Hysteria is a powerful thing, and most often it is quite destructive. Hysteria does not care about the truth. Hysteria is a human phenomenon that, like a hurricane, once it gets going destroys everything in its path. Reason is not allowed during a storm of hysteria. Reason is seen as weak, as some kind of cop out.

As a psychotherapist I have witnessed the destruction hysteria can do in families. A wife can find out some fact about her husband. She will jump to conclusions and accuse him of cheating and of a history of past crimes in in front of her children, and everybody will become convinced their father is the most evil man who ever lived. The tone of voice of the mother in such cases is strident and terrifying. You must either fall in line or the voice will become aimed at you.

Hysteria arises out of the unconscious fears and anger of human beings. Often it seems to be connected with a sexual assault; human sexuality has always been and will always be fraught hysteria because of the unconscious fears and conflicts connected with it. The present incident brings to mind a couple of others where hysteria led people astray.

In 1987, at the age of 15,Tawana Brawley accused six white men some of whom were police officers and one a District Attorney, of having raped her and dumped her on the road in a sack of manure. The accusation was inflamed by Brawley’s advisers (including the Reverend Al Sharpton). For weeks media hysteria called for instant firings of the police officers and the attorney general; all were suspended. After hearing evidence, a grand jury concluded in October 1988 that Brawley had not been the victim of a forcible sexual assault and that she herself had created the appearance of an attack. The New York prosecutor whom Brawley had accused as one of her alleged assailants successfully sued Brawley and her three advisers for defamation.

In 2006 Crystal Gail Mangum, an African American stripper accused three white members of the Duke Blue Devils men’s lacrosse team, of raping her at a party held at the house of two of the team’s captains. Many people involved in, or commenting on, the case, including prosecutor Mike Nifong called the alleged assault a hate crime. Again, this case hit the media, which whipped up the usual hysteria, and soon the Duke President suspended the lacrosse team and cancelled the season, all without due process. Later the accusations by Mangum proved false.

In the Brawley and Duke cases, the facts didn’t come out until later, after a thorough investigation had been done. And the facts of the Penn State case will also not come out until a thorough investigation is completed. Only now has the Board of Trustees of Penn State begun such an investigation. They should have held out on firing people until their investigation was complete. But they, like everybody else, were affected by the storm of hysteria.

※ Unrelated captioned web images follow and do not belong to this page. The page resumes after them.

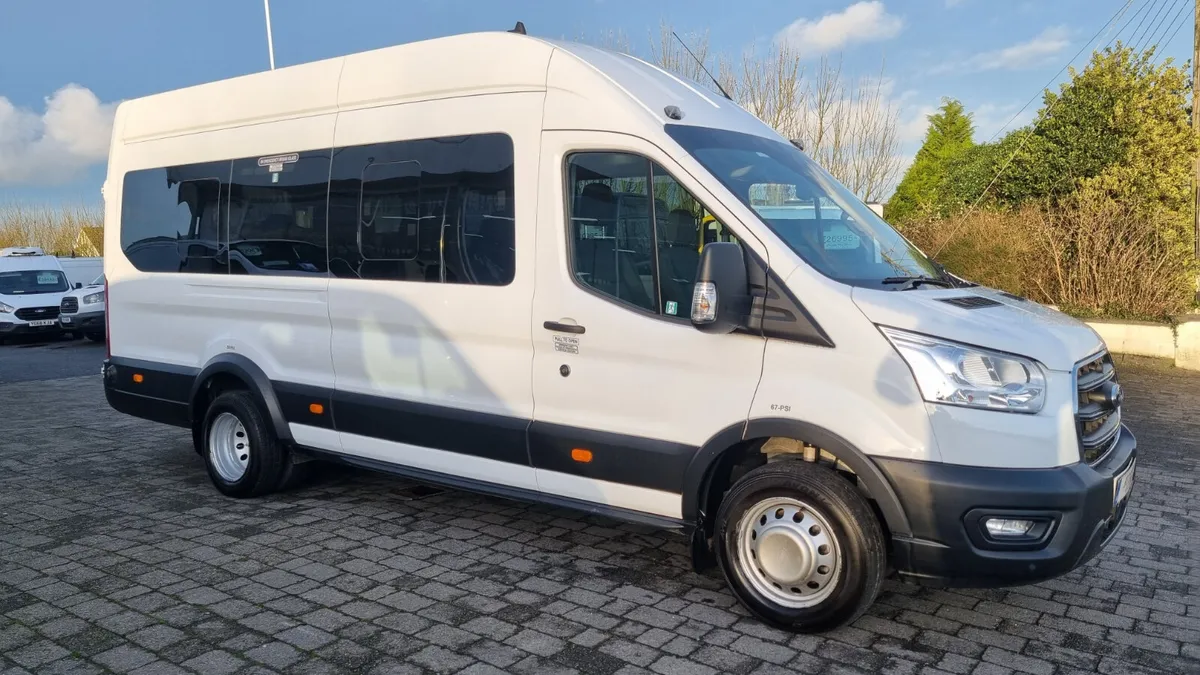 202 TRANSIT 17 SEATER MINIBUS EXCELLENT 1 OWNER - Image 2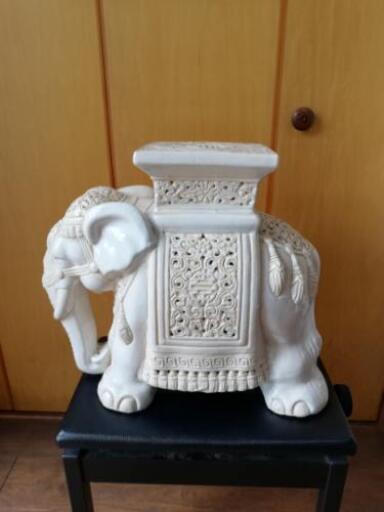 アジアン。大型の象の花台。陶器製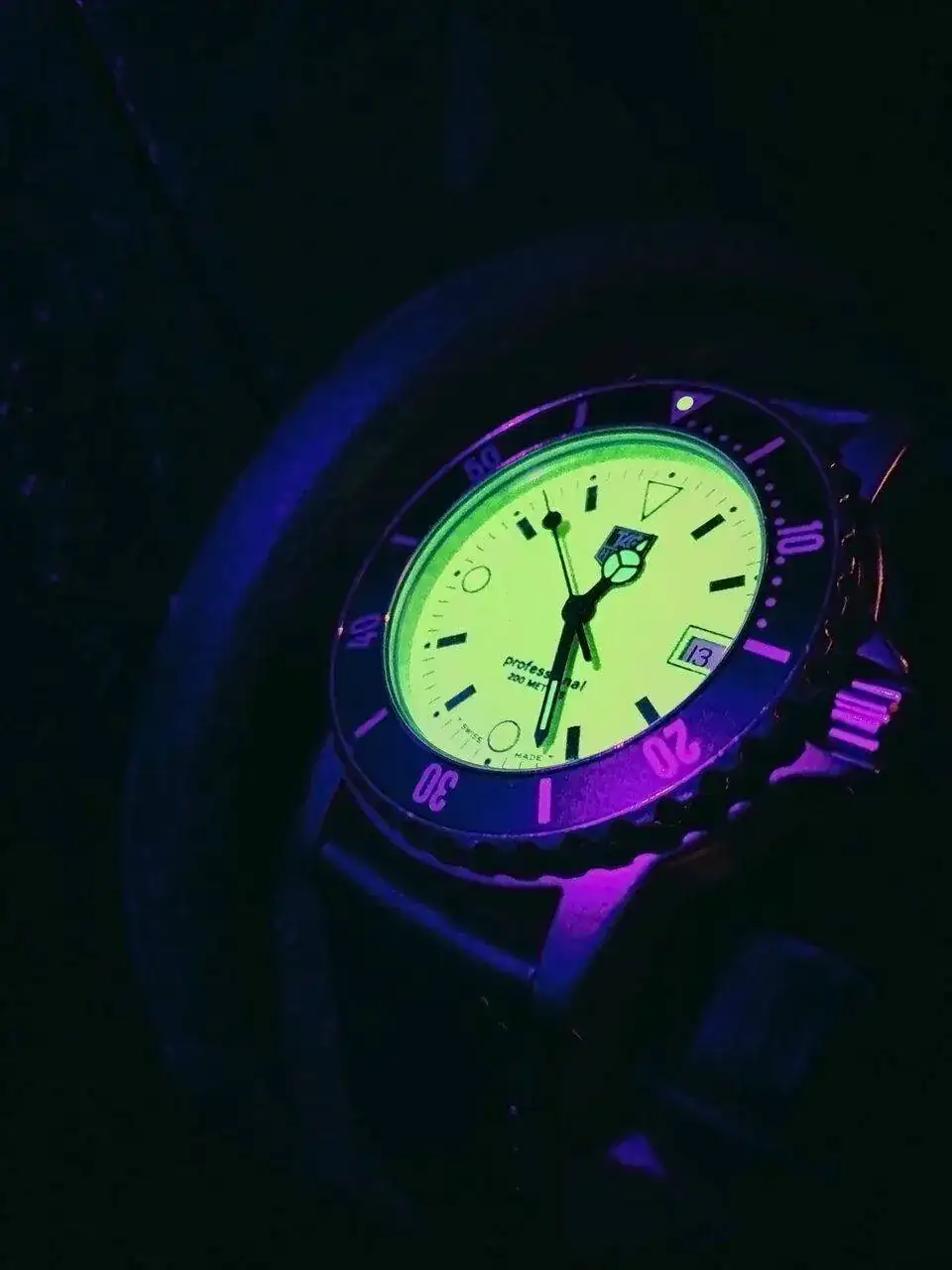 Tag heuer 1500 night diver.jpg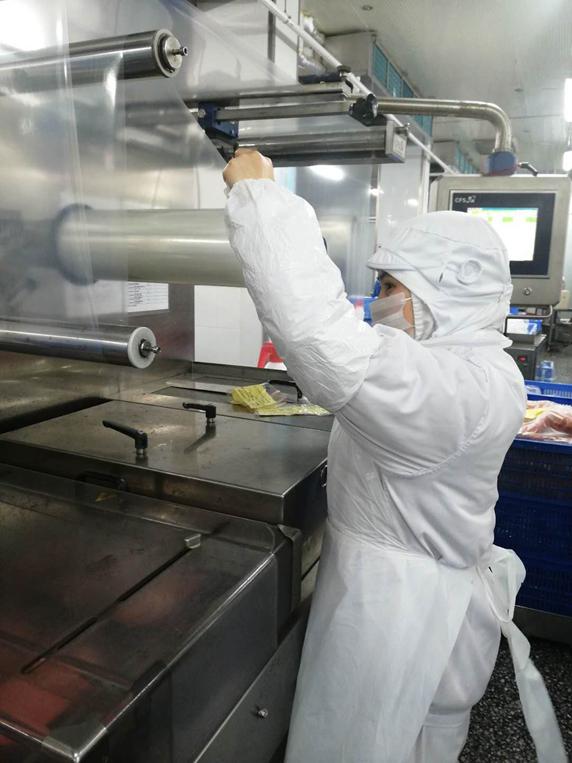 鹤山市：技术能手赵海英|让青春在奋斗中绽放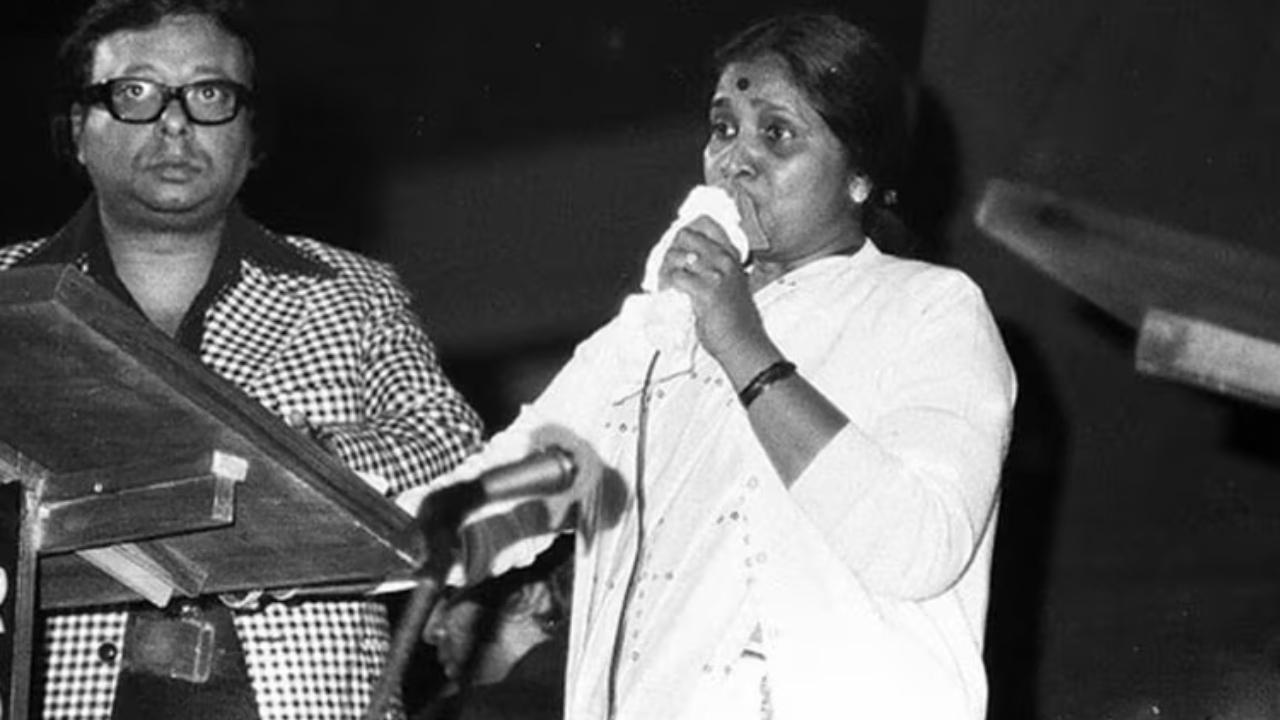 RD Burman was truly the wind beneath Asha's wings and this picture of them performing at a concert proves it.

More facts have begun to trickle out. On November 18, Joe Amendola, the Jerry Sandusky’s lawyer, announced, claims one of more of the victims have been found and claim nothing happened. And Sandusky is claiming innocence, saying he only “horsed around” with boys in the shower.

Make no mistake, sexual molestation of boys-or girls-is a harmful thing. If and when all the facts are out and all the witnesses and evidence has been clearly examined; after Joe Paterno is given a chance to speak (which hasn’t happened up to now), if it turns out that sexual molestation occurred and was covered up, then and only then appropriate actions should be taken.

Due process-the philosophy that a person is innocent until proven guilty by a court of law-is the bedrock of our culture. Its intent is to insure that what happened to Joe Paterno should not happen.

If we no longer have due process in America, all of us are in danger.

Gerald Schoenewolf, Ph.D., is a licensed psychoanalyst and author of 20 books we well as an avid sports fan. He is also an adjunct professor of psychology and has made 3 feature films.